"Biar saya yang menikahi Dira, Om."
"Apa? Gak bisa! Aku gak mau!"
***
Niat hati menerima dan bertunangan dengan Adnan adalah untuk membuat hati sang mantan panas, Indira malah mengalami nasib nahas. Menjelang pernikahan yang tinggal menghitung hari, Adnan malah kedapatan berselingkuh dengan sahabatnya sendiri. Di saat yang bersamaan Rada—mantan kekasihnya, datang menawarkan diri untuk menjadi pengganti Adnan. Indira jelas menolak keras karena masih memiliki dendam, tetapi kedua orang tuanya malah mendukung sang mantan.
Apa yang harus Indira lakukan? Lantas, apa yang akan terjadi jika ia dan Rada benar-benar menjadi pasangan?
Karya ini diterbitkan atas izin NovelToon Deshika Widya, isi konten hanyalah pandangan pribadi pembuatnya, tidak mewakili NovelToon sendiri
Ke Mana?
Indira benar-benar panik seiring langkah tim marketing yang sudah semakin mendekat. Sial, sepertinya di luar pun Rumi tak bisa mencegah mereka.
"Kamu harus sembunyi sekarang, Rad!" bisik Indira panik.
Akan tetapi, Rada masih berdiri santai, memasukkan kedua tangan ke dalam saku celana. "Gak usah panik. Tinggal bilang aja kita diskusi proyek baru. Selesai."
"Gak bisa! Mereka bisa curiga, Rada. Aku kan bukan kepala divisi. Mana boleh seenaknya ngobrol berdua sama arsitek di jam kerja!" desis Indira dengan ekspresi kalut.
Tak mau ambil risiko, Indira langsung menarik lengan pria itu dengan tenaga penuh. Kemudian, mendorongnya agar membungkuk dan masuk ke ruang kosong di bawah meja. "Masuk ke situ. Cepetan!"
Rada menatap lubang sempit itu dengan dahi berkerut. "Ya ampun ... ini sempit banget, Sayang. Kamu kira aku ini kucing?"
"Masuk, atau aku mogok ngomong sama kamu sebulan penuh!" ancam Indira cepat, lengkap dengan tatapan membunuh.
Dalam hati, Rada mengeluh pelan. Tapi akhirnya ia menurut juga. Dengan susah payah, tubuh tingginya berhasil masuk ke kolong sempit di bawah meja kerja Indira. Posisi lutut ditekuk, kepala sedikit menunduk, dan wajahnya hanya beberapa jengkal dari betis istrinya yang menjulur santai.
"Jangan gerak-gerak," bisik Indira.
"Kalau aku pegel gimana?"
"Ya jangan pegel!"
Baru saja Rada ingin membalas, pintu ruangan terdengar dibuka lebar. Lima orang dari tim marketing masuk dan langsung mengambil tempat di sofa panjang di ujung ruangan. Rumi pun ikut masuk dengan wajah senyum tipis.
"Yuk, kita mulai bahas promosinya," ucap Rumi santai.
Indira menarik napas panjang dan tersenyum paksa. "Kamu keluarin dulu file yang kemarin kita susun, Rum," titahnya.
Diskusi berlangsung normal. Tim marketing membahas strategi promosi untuk proyek Cluster Alam Raya. Suara tawa sesekali terdengar, dibarengi dengan suara bolpoin yang mencoret-coret catatan.

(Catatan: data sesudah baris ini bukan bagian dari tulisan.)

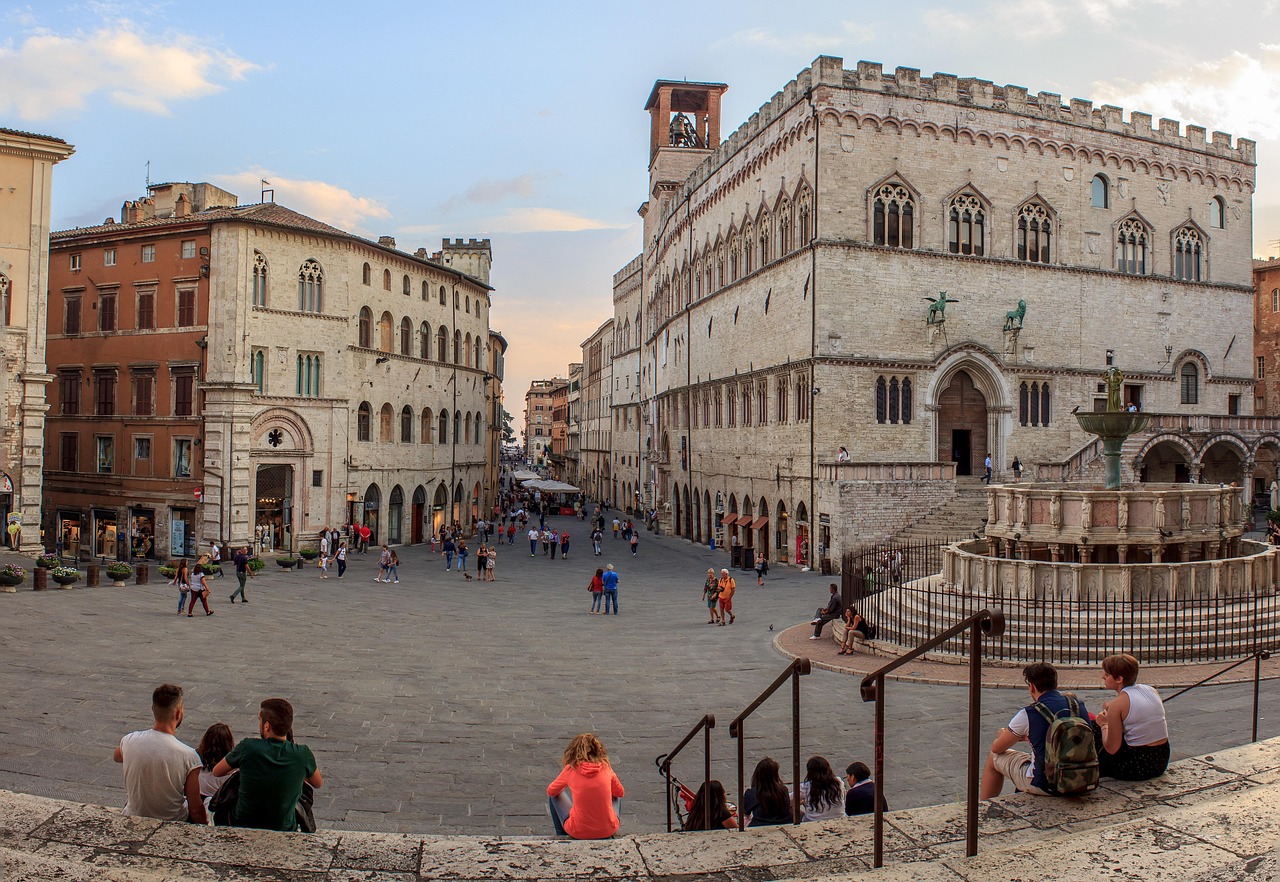 अम्ब्रिया: सैन जिउस्टिनो डी ' कर्ण के कान्वेंट - Perugia | Secret World Trip Planner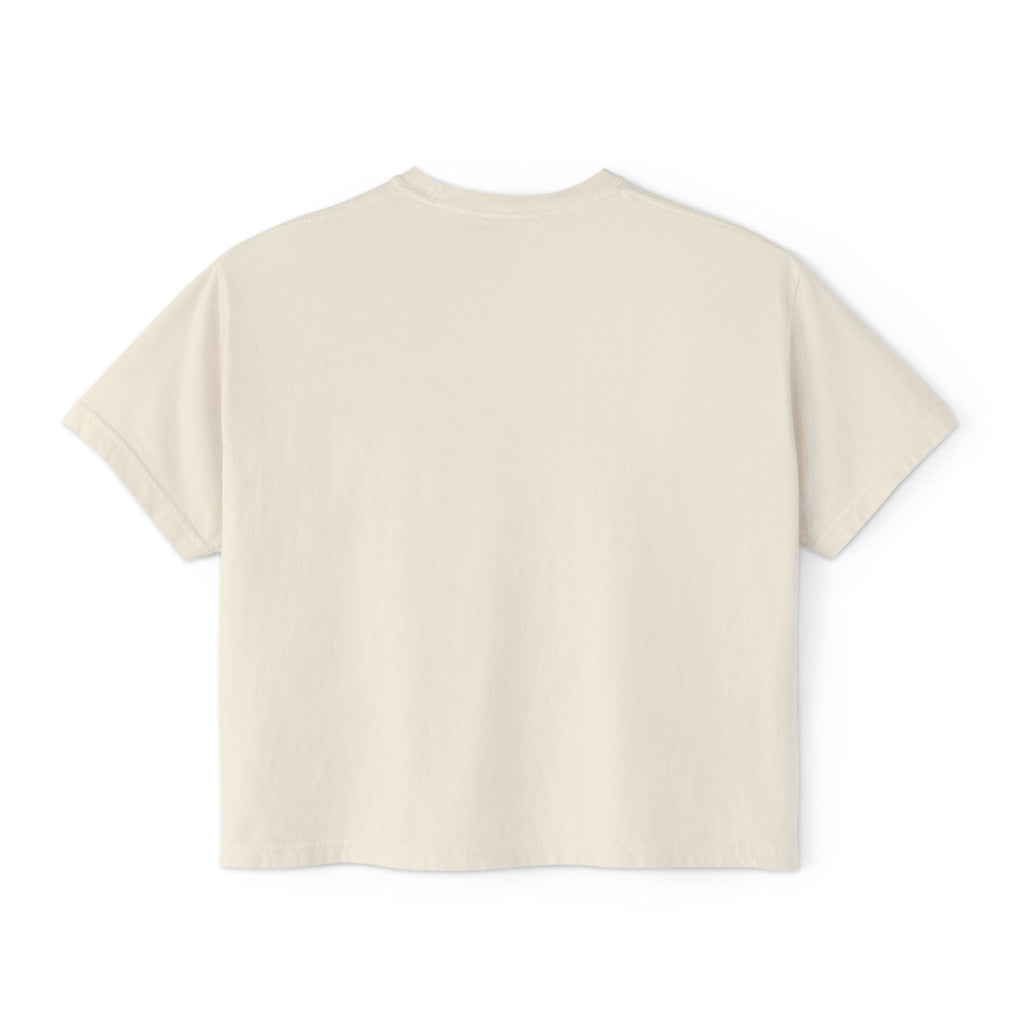 Do The Work | Women's Boxy Crop Top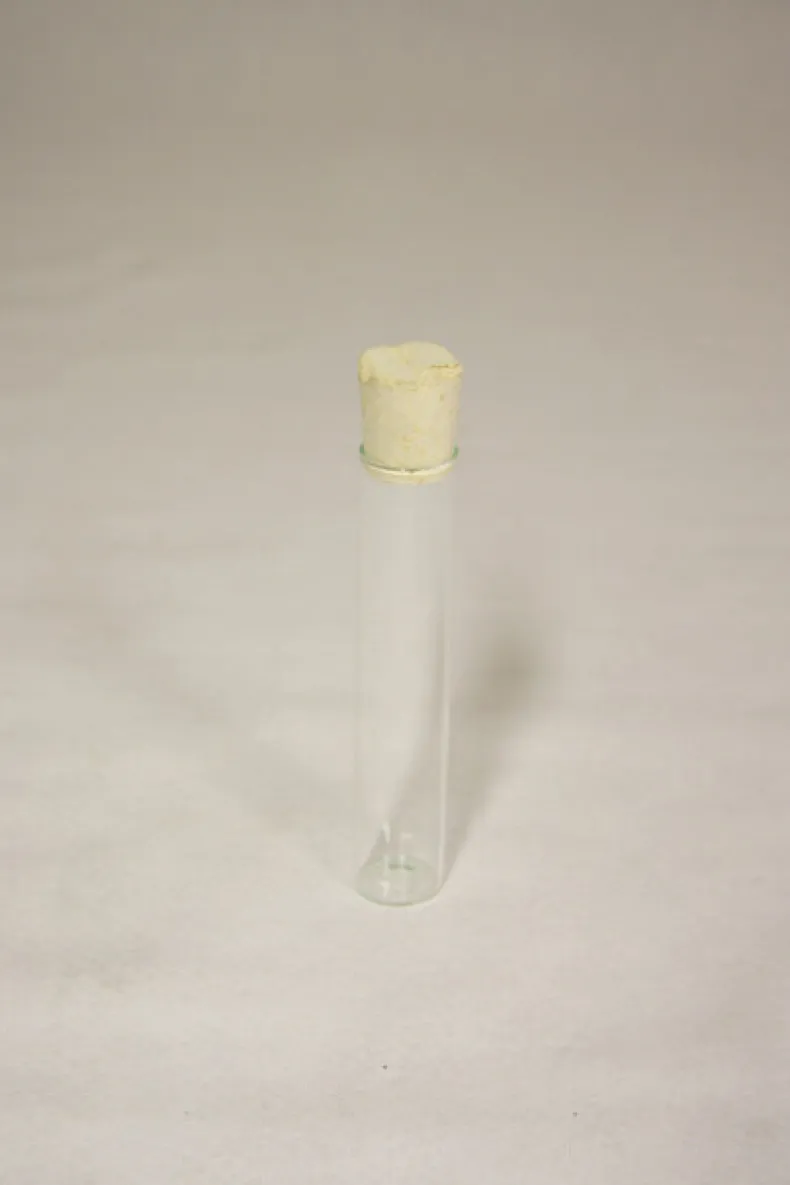 Proefbuisje met kurk 12 cm 15 stuks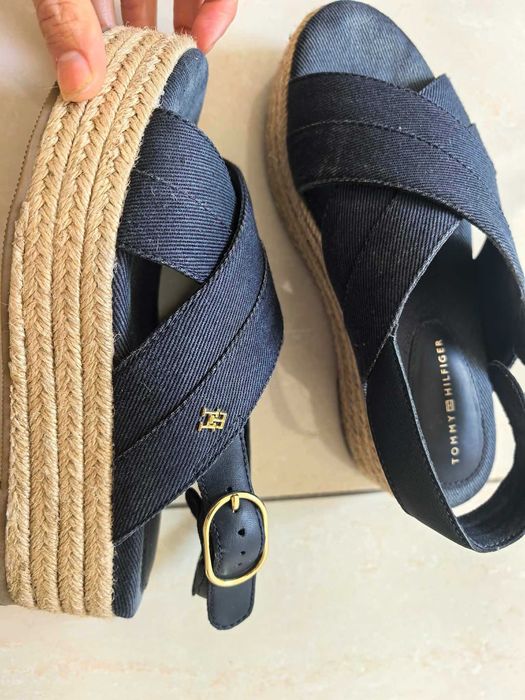 Tommy Hilfiger Сандали за дама текстил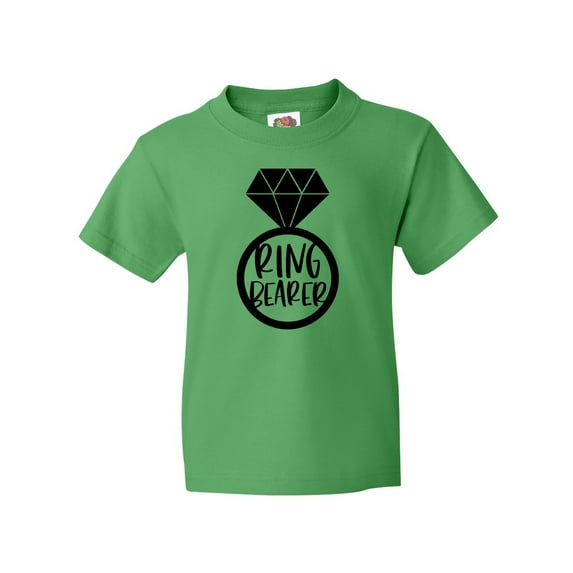 Inktastic Ring Bearer Wedding Party Youth T-Shirt
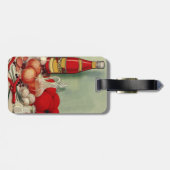 ヴィンテージイタリアントマトオニオンピーパーズキャサップ ラゲッジタグ (裏面横)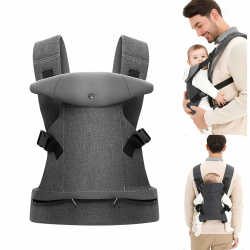 Baby Carrier Klassiker Babytrage für Neugeborene, Bequeme und Leichte Babytrage, mit verstellbarem Hüftgurt Schulterriemen, Leicht zu tragen, für Babys 1-36 Monate Angebot bei HelloDeals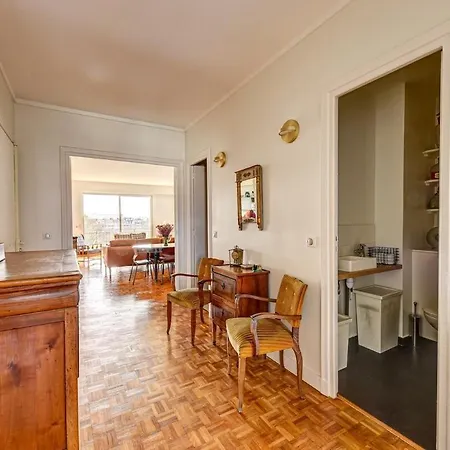 Comfort, Bright And View Eiffel Tower - Apartment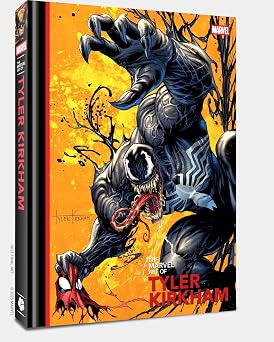 The Marvel Art of Tyler Kirkham | L.A. Mood Comics and Games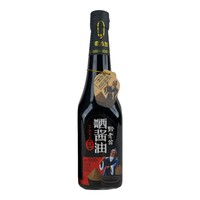  黔老翁 晒足1000天 酱油  【高端】1000天特级500ml 玻璃瓶装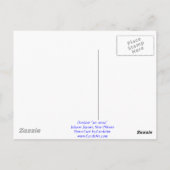 Carte Postale "Scène d'art" NOLA (Dos)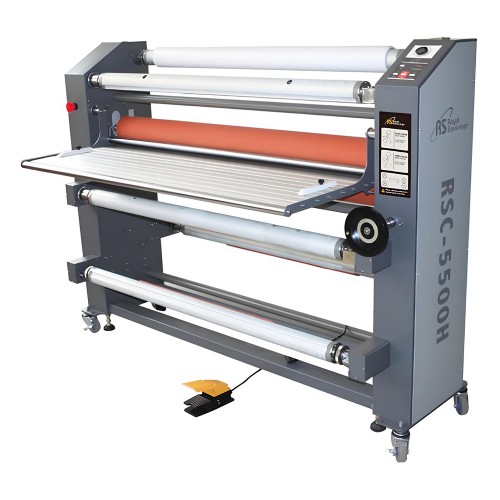 Royal Sovereign RSC-5500H Professional 55 Inch Wide Format Heat Assist Cold Roll Laminator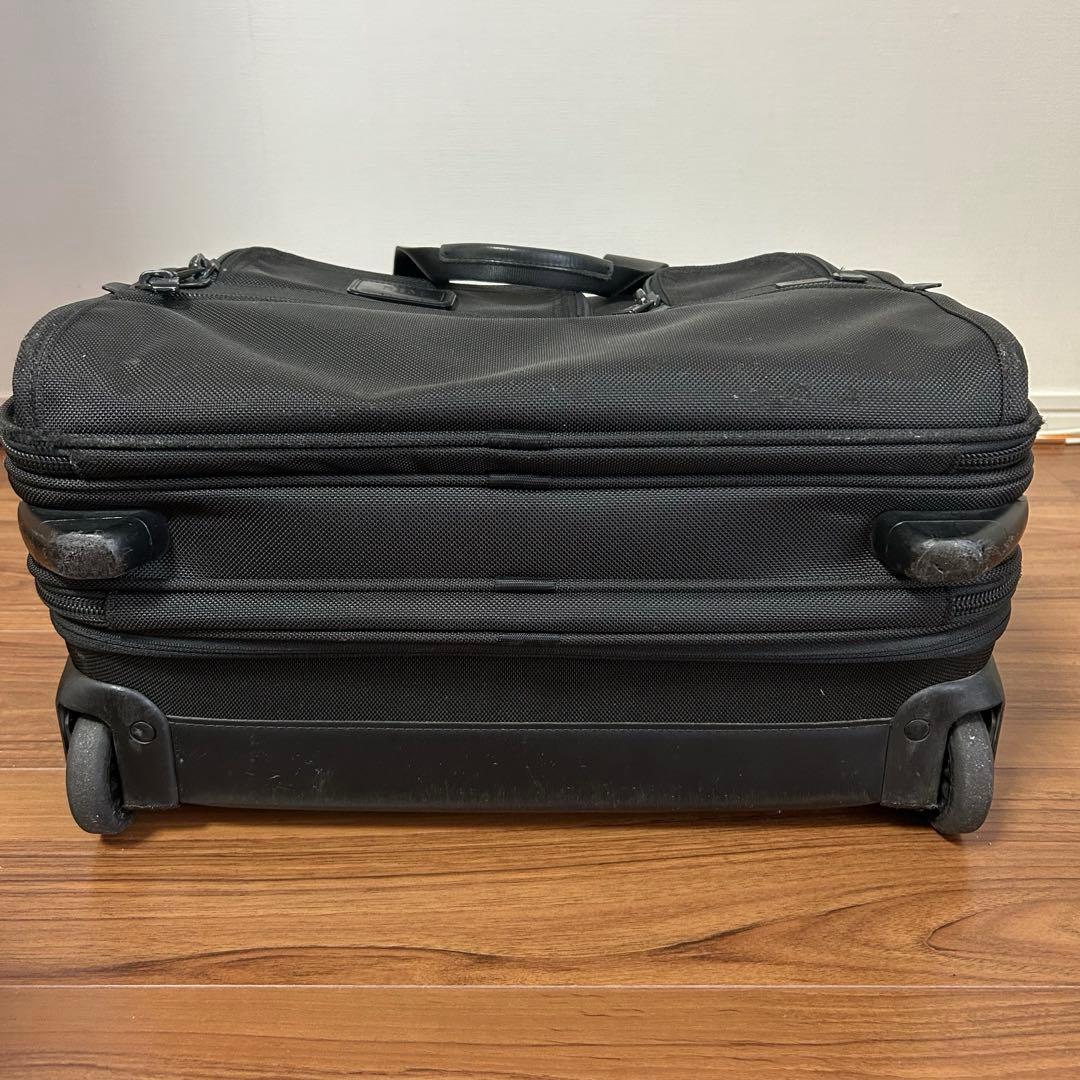TUMI トゥミ ビジネスキャリーバッグ ブリーフケース　26127DHブラック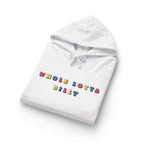 WHOLELOTTABILLY Unisex Organic Relaxed Hoodie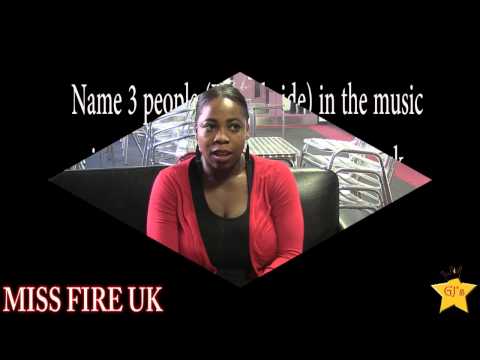 GJ's MUSIC INTERVIEW - MISS FIRE UK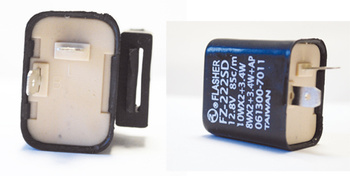 Cl przerywacz kierunkowskazów 12v 10w żarówkowych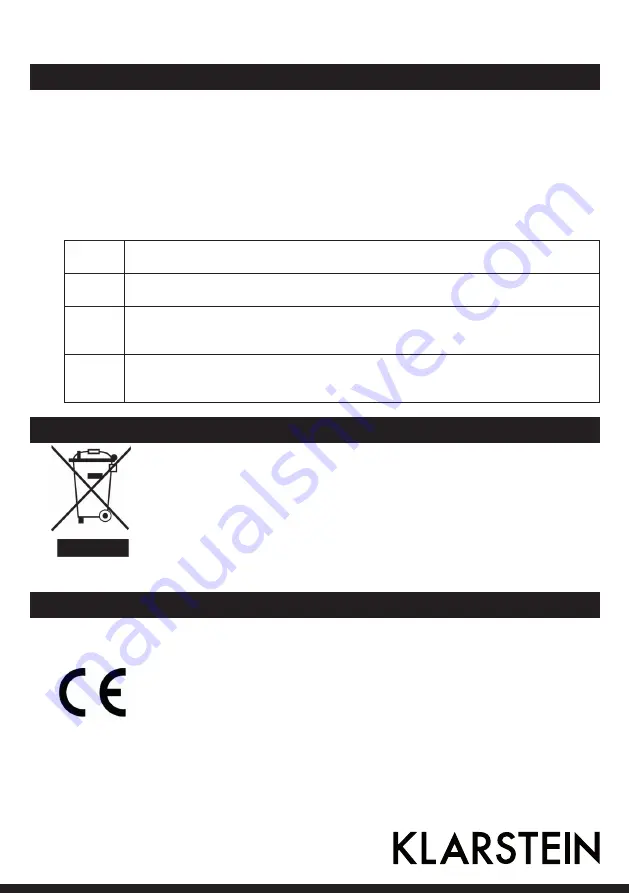 Klarstein 10006660 Скачать руководство пользователя страница 7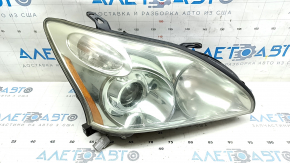 Front right headlight complete Lexus RX300 RX330 RX350 RX400h 04-09 xenon AFS, light, for polishing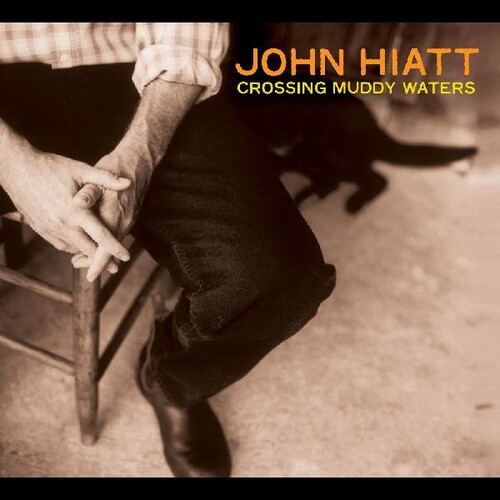 JOHN HIATT / ジョン・ハイアット / CROSSING MUDDY WATERS (LP)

Akan tetapi, di bawahmeja, suasana justru sebaliknya. Rada nyaris tidak bisa bergerak. Ia terus-menerus harus menahan diri agar tidak menyenggol kaki Indira.
'Tuhan ... kenapa Kau malah jebak aku di sini?' keluh pria itu dalam hati.
***
Sementara itu di ruangan tim desain, Rendi mulai gelisah. Tangannya mengetuk-ngetuk meja tanpa sadar. Beberapa kali ia melirik ke arah jam dinding yang tergantung.
"Rada ke mana, sih?" gumamnya jengkel.
Tadi Rada bilang hanya keluar sebentar untuk membuat kopi. Namun, sudah hampir setengah jam dan pria itu belum juga kembali. Rendi yang awalnya santai, mulai merasa aneh sebab biasanya Rada bukan tipe orang yang suka keluyuran terlalu lama saat jam kerja.
Baiklah. Rendi tidak bisa diam saja. Ia berdiri dari kursinya dan berjalan menuju pantry. Sesampainya di sana, ia melihat beberapa OB tengah sibuk mengatur gelas-gelas ke dalam rak. Satu di antaranya adalah Mbak Yuli, OB yang cukup sering terlihat di pantry.
"Mbak, tadi lihat Rada ke sini gak?" tanya Rendi langsung.
Wanita itu menggeleng cepat. "Enggak, Mas. Dari tadi saya di sini gak ada Pak Rada masuk."
Rendi mendengkus sembari mengacak rambutnya frustrasi. "Lah terus dia ke mana?"
"Ya udah, Mbak. Kalau lihat dia, tolong suruh cepat ke ruangan, ya. Bilang penting," pesannya yang langsung diangguki Mbak Yuli.
Sambil keluar dari pantry, Rendi berjalan menyusuri koridor. Matanya aktif menyapu tiap ruangan yang terbuka. Ia bahkan sempat mengintip ke ruang rapat kecil, tapi nihil. Rada benar-benar lenyap entah ke mana.
Hingga langkah pria itu terhenti ketika dari arah berlawanan muncul Pak Hermawan.
"Oh, Ren. Pas sekali," sapa pria paruh baya itu sambil menghentikan langkah. "Saya perlu bicara sebentar sama Rada. Tolong suruh dia ke ruangan saya sekarang, ya."
Deg.
Rendi menelan ludah gugup, tapi ia tetap harus mengangguk. "S-siap, Pak."
Begitu Pak Hermawan berlalu, Rendi langsung memutar bola matanya dengan kesal. "Ya ampun, Rad. Kamu ke mana, sih? Bisa gawat kalau sampai kamu telat datang ke ruangan Pak Hermawan!"
Tak ada pilihan lain, ia mengeluarkan ponsel dari saku celana. Ibu jarinya segera mencari kontak Rada dan menekan tombol panggil. Beruntung kali ini panggilan tersebut tersambung, tak seperti tadi.
Akan tetapi, malah tak ada jawaban sekali.
Rendi mendengkus lagi. Ia berjalan pelan sembari mencoba memanggil pada kontak Rada sekali lagi.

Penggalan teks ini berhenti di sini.